Red Hot Chilli Peppers Bassist Flea Opens Up About Addiction

In a new essay in Time Magazine, Red Hot Chili Peppers bassist Flea opens up about addiction, years of recovery, and opioid abuse.

Flea has been around drug use his entire life. The future rock star started smoking marijuana at age eleven and moved on to harder drugs in his teens and twenties.

He wasn’t the only one doing it, Flea says he lost three of his dearest friends to drug abuse before they turned 26 years old. Though he had close calls as well, the desire to be a good father eventually ensured that he would self-preserve.

In 1993, he finally understood that drugs were destroying his life and he cut them out of his life.

But he has always suffered from anxiety, what we in the business of recovery would call a dual diagnosis. Flea says drugs would fix the tightness in his stomach, the whirring in his head, in a flash.

He talks about the temptation drugs pose when you are down and out. He could mediate, go to therapy, exercise, and work patiently to get past his troubles, but drugs could always solve all of his problems in an instant.

Saying he is grateful for his pain, Flea says that mindset has helped him stay away from drugs. What helped him get through it wasn’t AA, although he believes wholeheartedly in the 12-step program, it was to consciously experience struggles with a burning desire for good health and love. Periods of hardship are inevitable. But through them he has found real success, joy, and strength.

The dangers of drug use, though, are apparent. Trouble with the police for stealing, drug dealers mongering bad drugs and overdoses were all waiting for him. He says he found his refuge with the drug dealer that helped keep you safe and healthy since you were a kid, the doctor.

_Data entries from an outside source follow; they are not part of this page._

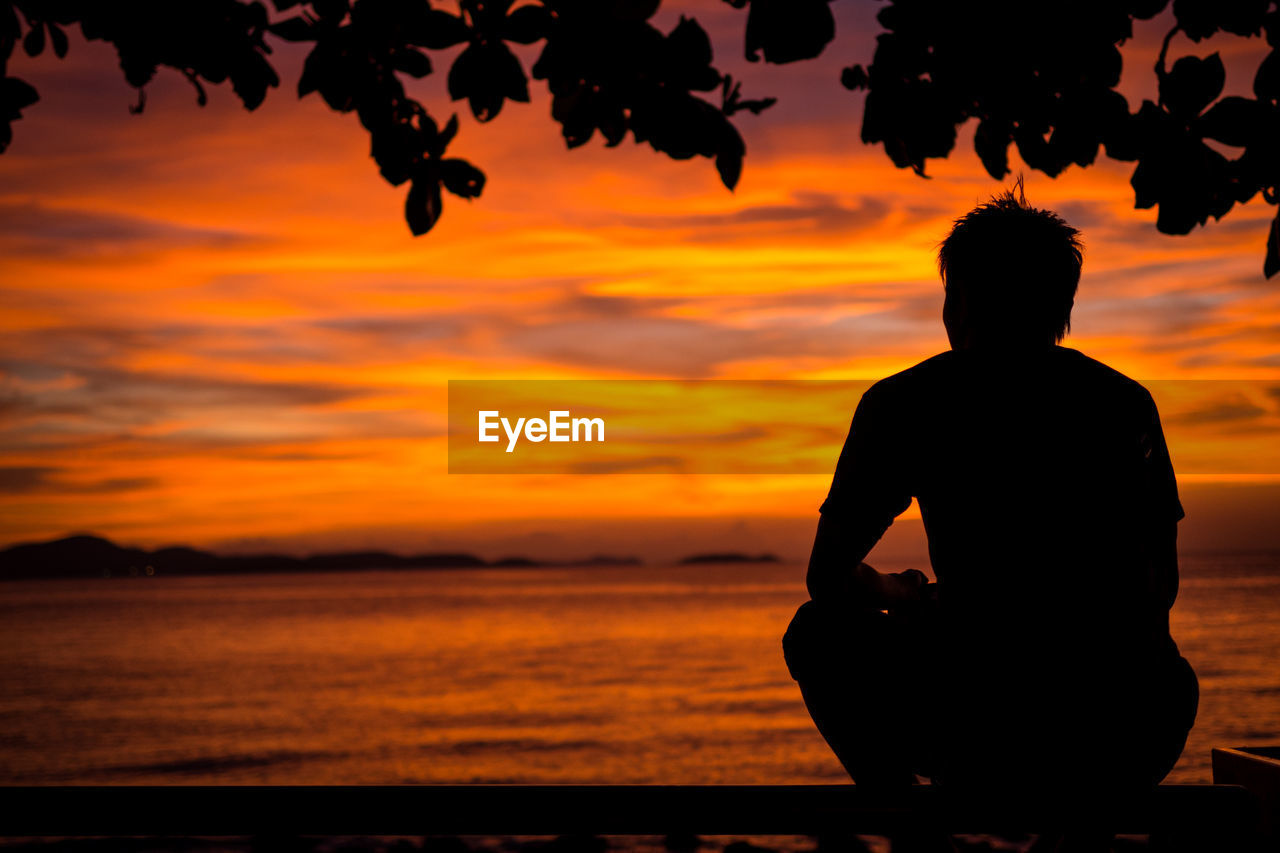 Rear view of silhouette man at beach during sunset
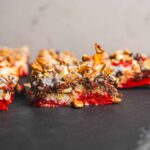Creamy fruit and nut rocky road dessert bars with red berry base, topped with chocolate, chopped nuts, and marshmallows on a dark slate surface. Perfect for holiday snacking and sweet treats.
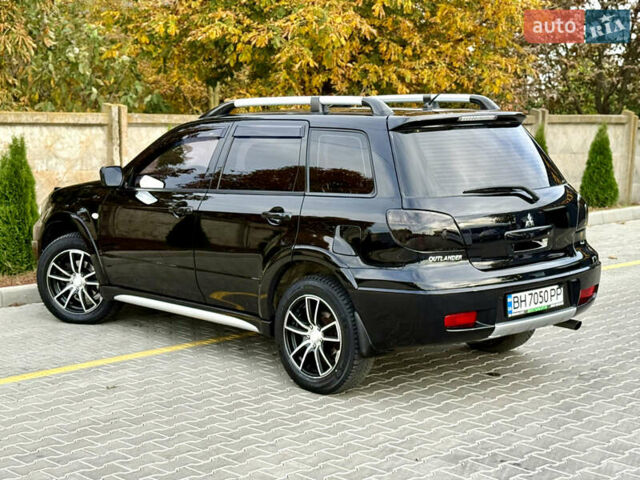 Міцубісі Аутлендер 2007 у Одесі на Automoto.ua Чорний Міцубісі Аутлендер, об'ємом двигуна 2.4 л та пробігом 201 тис. км за 7700 $, фото 22 на Automoto.ua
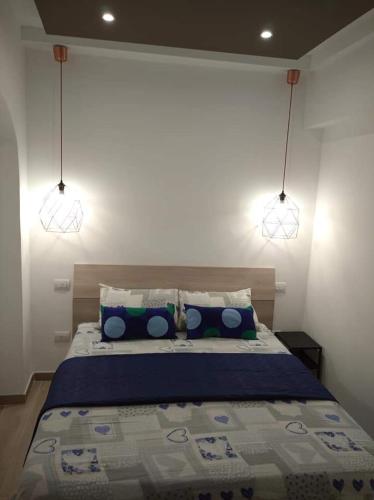 a bedroom with a bed with blue pillows and two lights at Mattia's house 2 in Bari
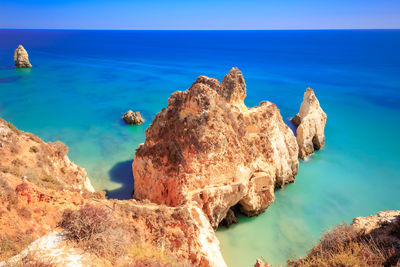 Rock formation on beach against sky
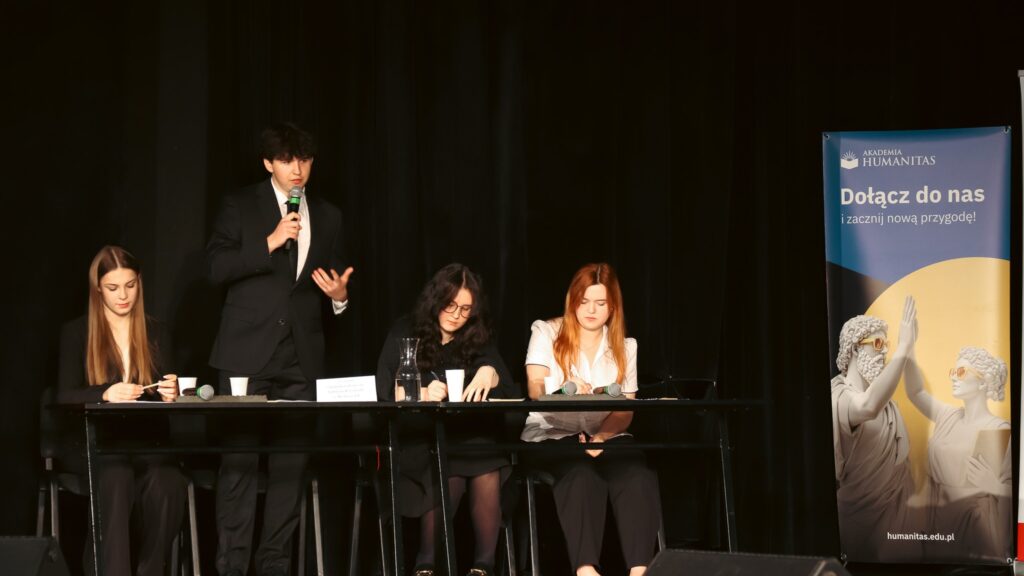 Uczeń przemawia przy stole podczas debaty; pozostali uczestnicy słuchają i notują.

A few years ago, Flea broke his arm. Major surgery put him back together, with a two-month supply of OxyContin. The bottle said to take four pills each day. And they made him high like the years prior on the streets. Except now, he was getting it from a doctor instead of drug dealer. It didn’t only mitigate his pain, it quelled his emotions.

He only took one a day, but still was not present for his kids, his creative spirit declined, and he became depressed. He stopped taking them a month later, but says he could have easily gotten a refill.

Anybody can get addicted, he says, it doesn’t matter who you are, and it is up to the pharmaceutical companies, the government, and the medical community as a whole, should fix the problem that they’ve allowed to proliferate.